Perdebatan apakah Kaesang Pangarep, putra bungsu Presiden Jokowi terkena pasal gratifikasi saat ia dan istrinya Erina Gudono memakai privet jet Gulfstream G650ER ke AS, masih terus berlanjut.
Prof. Dr. Mahfud MD menyatakan, apa yang dilakukan Kaesang adalah gratifikasi. Apa yang dikatakan mantan Menko Polhukam itu, mempunyai alasan hukum. Antara lain, karena Kaesang sebagai anak presiden. Anak presiden, meski bukan pejabat negara, tetapi mendapat keistimewaan yang melekat pada keluarga presiden, seperti pengawalan Paspampres, bisa ikut kegiatan presiden, bebas keluar masuk istana, dan lain-lain.
Di samping itu, Kaesang pun menjadi pimpinan puncak Partai Solidaritas Indonesia (PSI). Partai politi adalah pilar penting sistem demokrasi dan kenegaraan Republik Indonesia.
Itulah sebabnya, apa yang dilakukan Kaesang dalam hal penggunaan pesawat private jet milik perusahaan swasta Garena Online LTD Singapura di atas termasuk gratifikasi.
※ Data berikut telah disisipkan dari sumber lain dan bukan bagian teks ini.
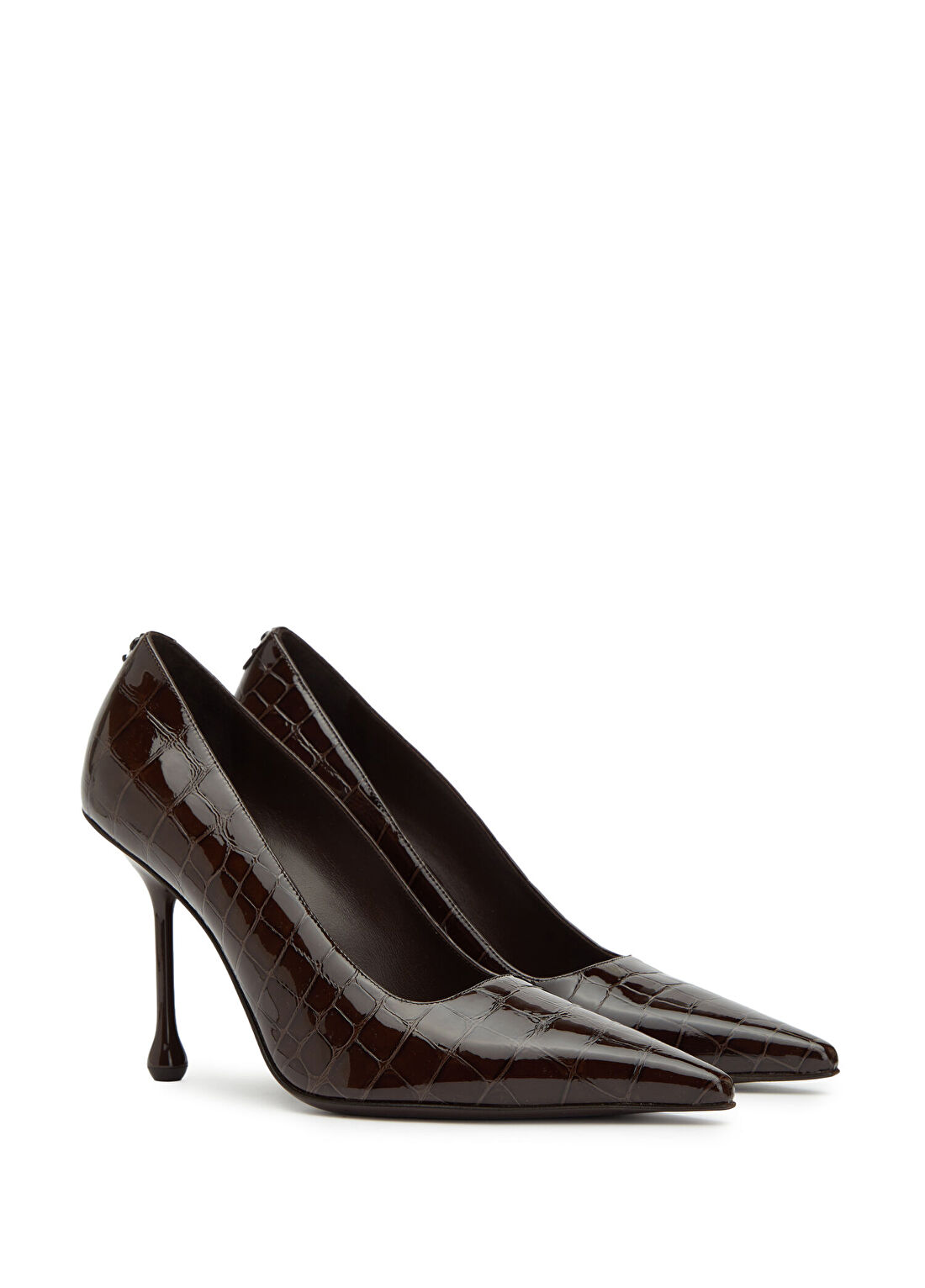 Jimmy Choo Ixia Kahverengi Rugan Deri Stiletto görsel 2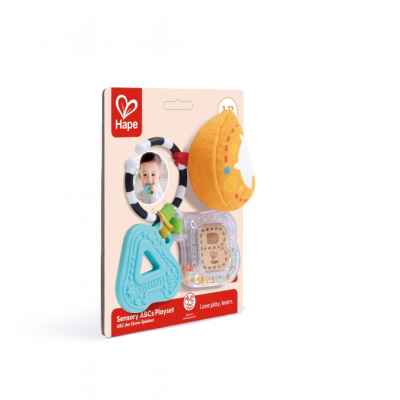 Бебешка сензорна играчка Hape, Гризалка, дрънкалка и плюшена играчка ABC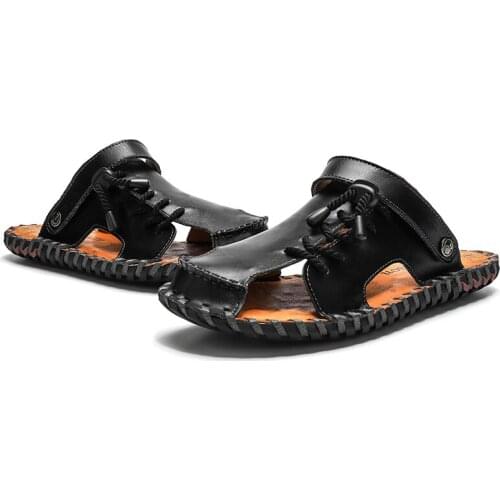 Summer homme hombre schoenen leather mannen footwear herren male trainers 2020 work for man zapatillas mesh 2019 Mens sandale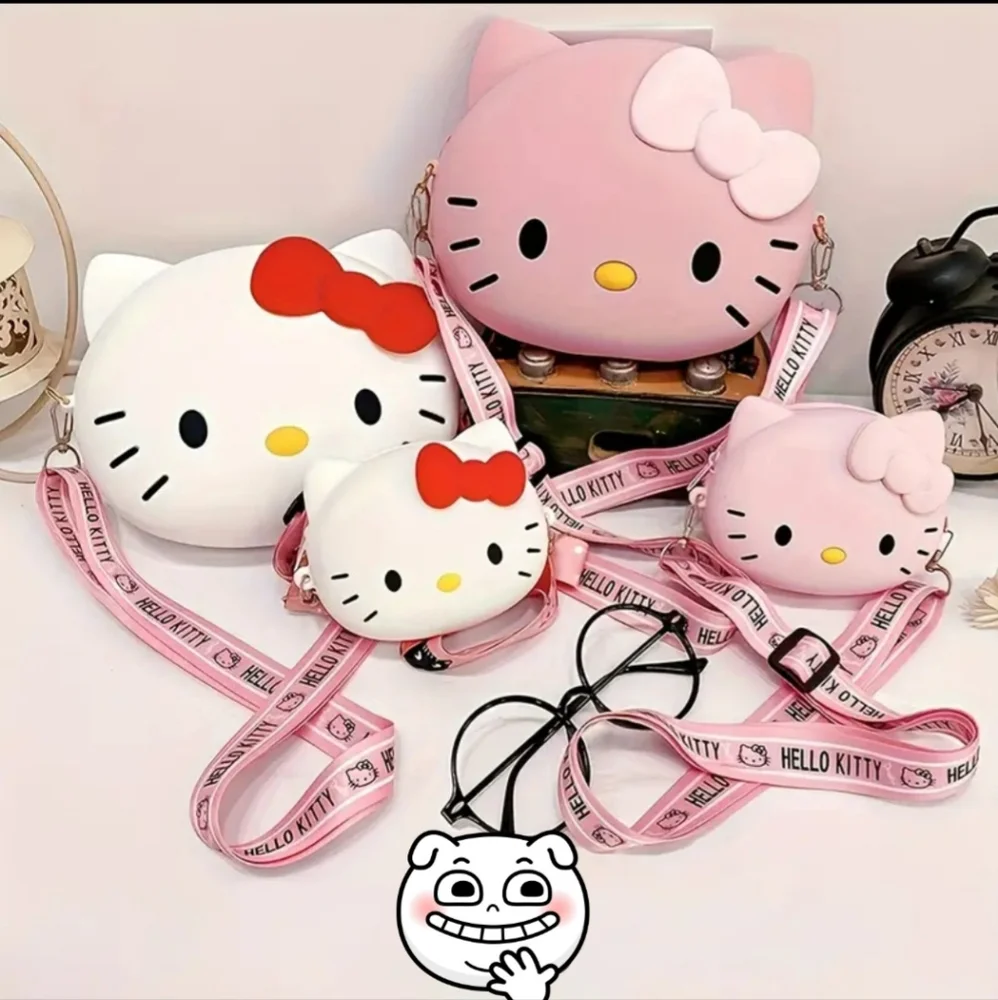 Hello Kitty Sanrio Silicone Crossbody Small Bag White Pink Strap L👀K 🐱 Sanrio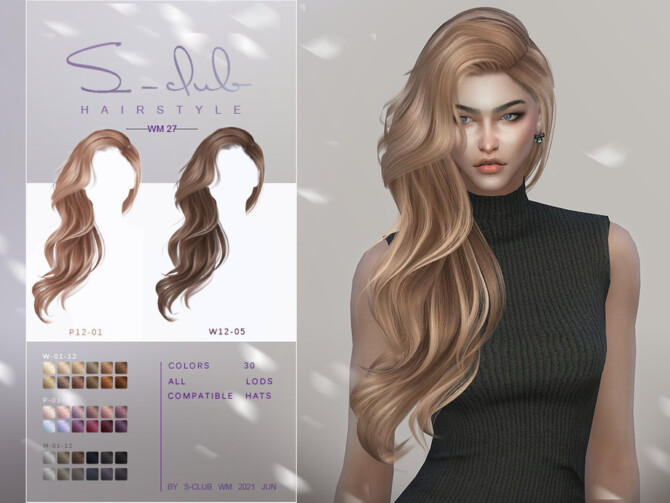 Sims 4 Long wavy hair for female by S Club at TSR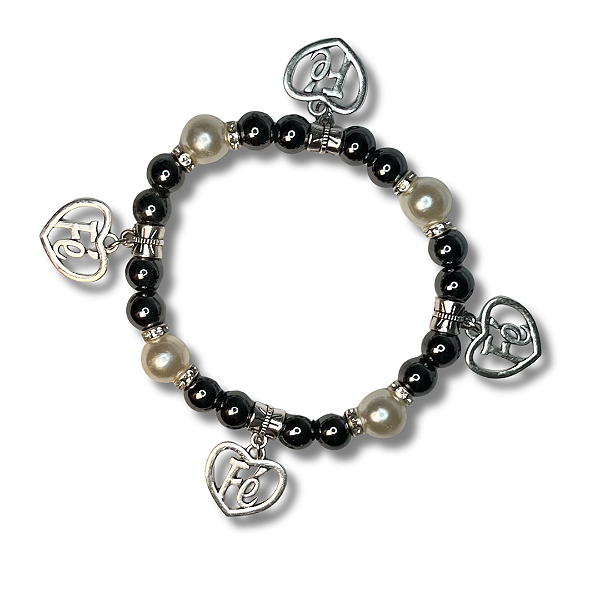 Pulseira de Miçangas de Hematita de Pérola com Pingente de Coração Fé
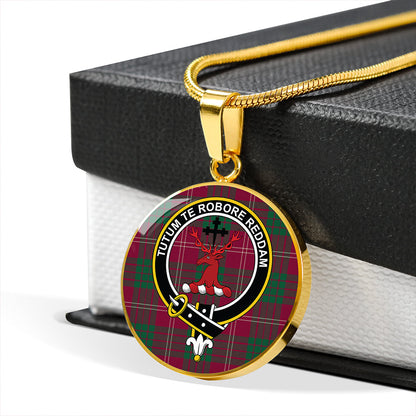 Crawford Red Modern Tartan Crest Circle Necklace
Karena Kaesang adalah "anak presiden" plus "pejabat tinggi" politik.
Sementara pendapat lain, seperti dinyatakan Bobby Nasution, Walikota Medan, apa yang dilakukan Kaesang Pangarep tersebut bukan merupakan gratifikasi. Alasannya, kata menantu Presiden Jokowi itu, Kaesang bukanlah pejabat publik. Ia adalah pengusaha.
Jadi masalah pemakaian private jet tersebut murni urusan bisnis. Tidak ada kaitannya dengan gratifikasi.
Sementara itu, KPK telah menerima aduan dari masyarakat perihal Kaesang dan private jet tadi. Antara lain dari Bonyamin Saiman, ketua MAKI (Masyarakat Anti Korupsi Indonesia) dan Ubedilah Badrun, dosen UNJ (Universitas Negeri Jakarta).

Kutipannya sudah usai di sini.